In this collection, Katherine offers keen insights into our sometimes petty human concerns , and contrasts them with the threat -or, occasionally, the promise- of intervention by phenomena beyond our ken and control. And several contrasting stories also show how easily she slips between genres and styles. Thus 'The Butcher, The Baker, The Candlestick-Maker' offers a rather Grand Guignol view of life in contemporary Brighton, while 'The Cupped Hands' is a well-realised tribute to the great Arthur Machen. 

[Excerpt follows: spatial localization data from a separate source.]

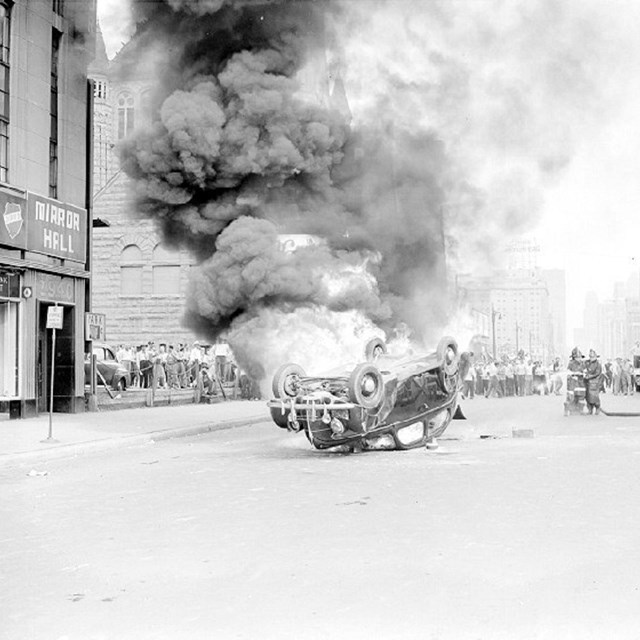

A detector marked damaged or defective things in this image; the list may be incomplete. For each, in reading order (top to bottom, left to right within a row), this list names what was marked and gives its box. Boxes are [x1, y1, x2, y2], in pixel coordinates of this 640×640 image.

overturned car [268, 336, 468, 450]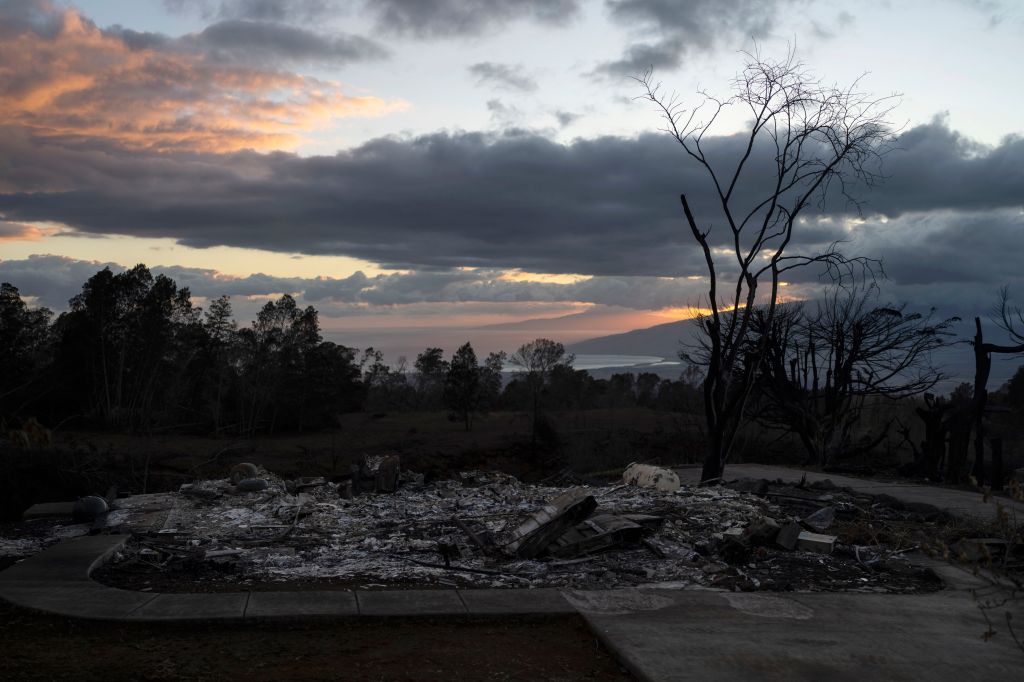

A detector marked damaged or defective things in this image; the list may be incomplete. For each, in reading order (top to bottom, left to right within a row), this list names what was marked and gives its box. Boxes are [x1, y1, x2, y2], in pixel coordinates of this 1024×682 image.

fire damage [2, 456, 968, 596]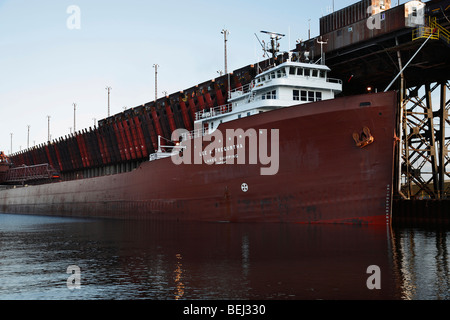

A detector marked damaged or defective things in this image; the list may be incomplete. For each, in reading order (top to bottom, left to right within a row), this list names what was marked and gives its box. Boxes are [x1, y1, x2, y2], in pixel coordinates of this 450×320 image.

rusty red hull [0, 92, 398, 225]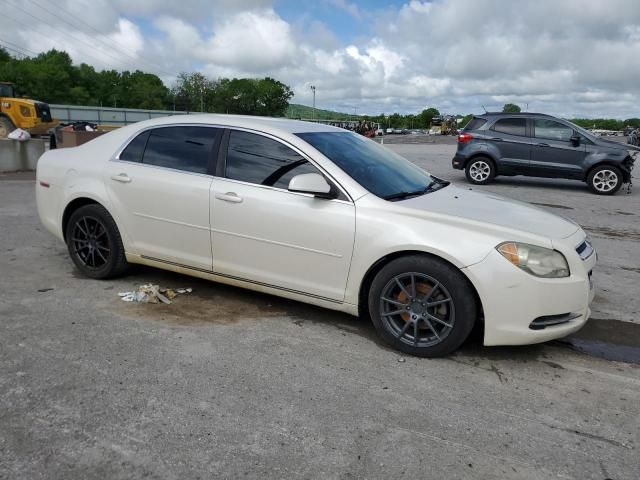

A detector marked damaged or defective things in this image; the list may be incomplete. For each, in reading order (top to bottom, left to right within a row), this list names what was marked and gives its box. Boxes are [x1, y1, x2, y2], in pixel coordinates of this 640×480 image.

cracked asphalt [3, 142, 640, 480]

You will note that – in accordance with horror tradition - some characters seem to get what's coming to them. Yet sometimes a victim is just that and nothing more, as in 'The People Collector'. That, it seems, is life – or afterlife. But, while clear-sighted about human failings, Katherine's view of feline nature is a little fuzzier – see 'The Lure of the Copse'. And the plot of 'A Good Try' pivots on a classic work by that cat-lover, Monty James.

I hope you enjoy these stories as much as I have, gentle reader. Settle down, in the right surroundings, perhaps with a glass of something moderately potent to hand, and let them speak to you in their quiet but insistent voices. And – as shadows lengthen – bear in mind that, since they are fiction, nothing recounted in theses pages will happen to you. In all likelihood.